Not too scientific this entry, but found a discussion at work in our sustainability forums asking " I've been looking for information about whether it really is more economical to use a slow-cooker than an electric oven or cooker."
This has been bugging me, so I've clamp metered a few different devices to get a rough idea of how much electricity was consumed in my house making similar foods (stews). Amounts were about the same and the idea is to feed my greedy family of 5 (soon to be 6!!)…
1. Slow Cooker. An average of 20W per person for the food cooked (using boiling water at the start)
2. Microwave. An average of 85W per person.
3. Slow Cooker. An average of 100W per person.
4. Electric Hob (ceramic). An average of 240W per person.
5. Oven (electric non-fan).
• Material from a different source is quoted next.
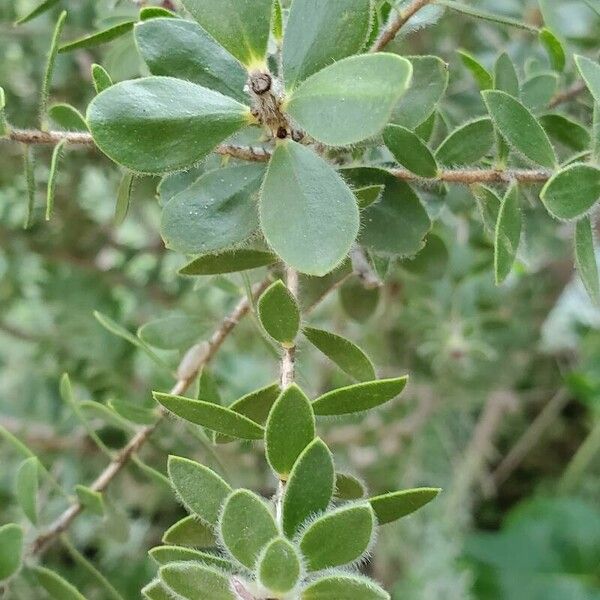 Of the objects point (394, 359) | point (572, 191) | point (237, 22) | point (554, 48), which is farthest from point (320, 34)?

An average of 350W per person.
2 was higher than I expected, but in the 'rest' periods between the two microwave sessions the microwave still consumed power cooling itself down and turning the turntable etc.
3-5 are hampered by longish warm up times and cooking times are the key differentiator between them – longer the cooking time the higher the consumption
Cooking Time: 30 mins (10 mins cook, 5 mins rest & stir, 5 mins cook, 5 mins rest & stir, 5 mins cook all at 70% power on a 850W microwave)
Total consumption 425W, 850W per hour , 85W per person (five people)
Device: Slow Cooker
Cooking Time: 8 hours
Total consumption 500W, 63W per hour , 100W per person (five people)
Device: Electric Hob
Cooking Time: 1 hour (mostly low power simmer, seems to be 2.2KW hob)
Total consumption 1200W, 1200W per hour , 240W per person (five people)
Cooking Time: 1.5 hours (put into cold oven)
Total consumption 1750W, 1160W per hour , 350W per person (five people)
Anyone else done a similar experiment?